The turtle walk starts at the Neelankarai beach and we reached there by 11.30PM. There was a live Q&A session on everything around turtles with Akila and Harish, volunteers at SSTCN. Once again, their dedication and passion towards the conservation of these lovely creatures shone through in their conversations with us. Finally, we set off on the walk, along the beach, mostly on the water’s edge at about 1.00AM. For the next few hours, we were witness to: the bright lights that dot the city landscape causing untold misery to the turtles, dead olive ridley turtles and large fishes (they get caught in fishing trawlers) washed ashore and the untiring efforts of the SSTCN volunteers in finding nests and recovering the eggs to be relocated to safe havens, i.e., hatcheries. Around 10,000 eggs were recovered that night. Happy at having been a part of a movement that is fighting a battle for these fragile beings’ survival, we completed our walk and headed out to the Chennai railway station.

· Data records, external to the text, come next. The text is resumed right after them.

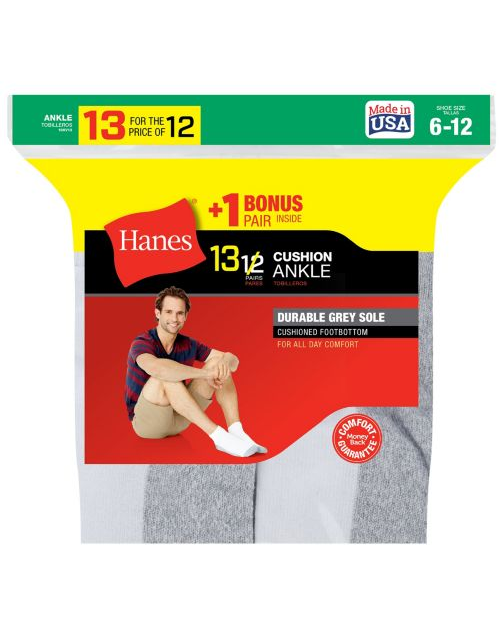 Hanes Men's Cushion Ankle Socks 13-Pack (Includes 1 Free Bonus Pair) 186V13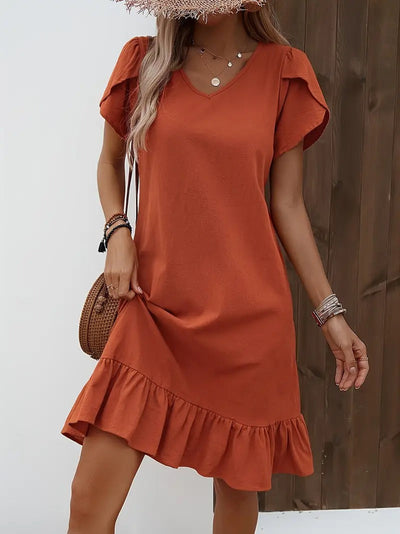 Kelly™ | Ruffle Sleeve V-Neck Dress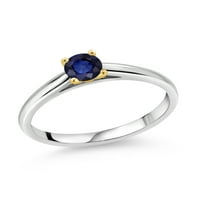 Gem Stone King 0. CT Round Blue Sapphire 10k bijeli zlatni prsten sa žutim zlatnim prstenom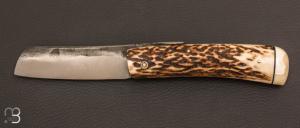 Couteau de poche Pimontais Bois de cerf de Richard Ciachera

You can read about SSTCN and their work here: https://sstcn.org/
Friday, March 2, 2018
Some of us spent Holi at National Gallery of Modern Art yesterday. We had gone to see the exhibition by Balan Nambiar. The exhibition had drawings in Indian ink, charcoal, pastels and paintings in watercolour and oils. On display were also his indoor and outdoor sculptures in bronze, mild steel and stainless steel.
Being welcomed by the magnificent trees at NGMA, one was immediately touched by to a sense of quiet and beauty. Everything seemed like 'art' in this atmosphere.
Enthusiastically we wandered into the large mansion that housed the works of Balan Nambiar. The works created a pause and questions. A game started between the children to see how quickly they could find his name on the work. Then there was also reading the little label to his work and placing it in the timeline that makes most sense to them.
'He did this before I was born!'
'I was 1 year old when he made this'
'Hey! I was born when he made this!'
'My mother was born, when he made this!'
After initially wandering through the museum and getting a feel of the work, the children scattered in the space to draw some of the work by the artist in their journals.
Looking at his art work closely, we noticed new things we hadn't noticed in our first looking.
We had had our fill and decided to go upstairs to see the regular collection. Just then, the artist walked into the space.... and there was a buzz of excitement and wonder that filled us. The artist was a real person!
Balan Nambiar, met each of the children, autographed their journals and even looked into their journals and was delighted by their interpretations of his work.
After this unplanned and beautiful interaction we had some delicious lunch at the Cafe. Rohit, a friend arranged a most delicious meal for us.
After lunch we made our way itno the Museum shop and a new learning moment opened up for us!
We helped the 'uncle' at the counter segregate 'visitor-buttons' and had our data on the kind of visitors that came in the month of February for the exhibition by Balan Nambiar.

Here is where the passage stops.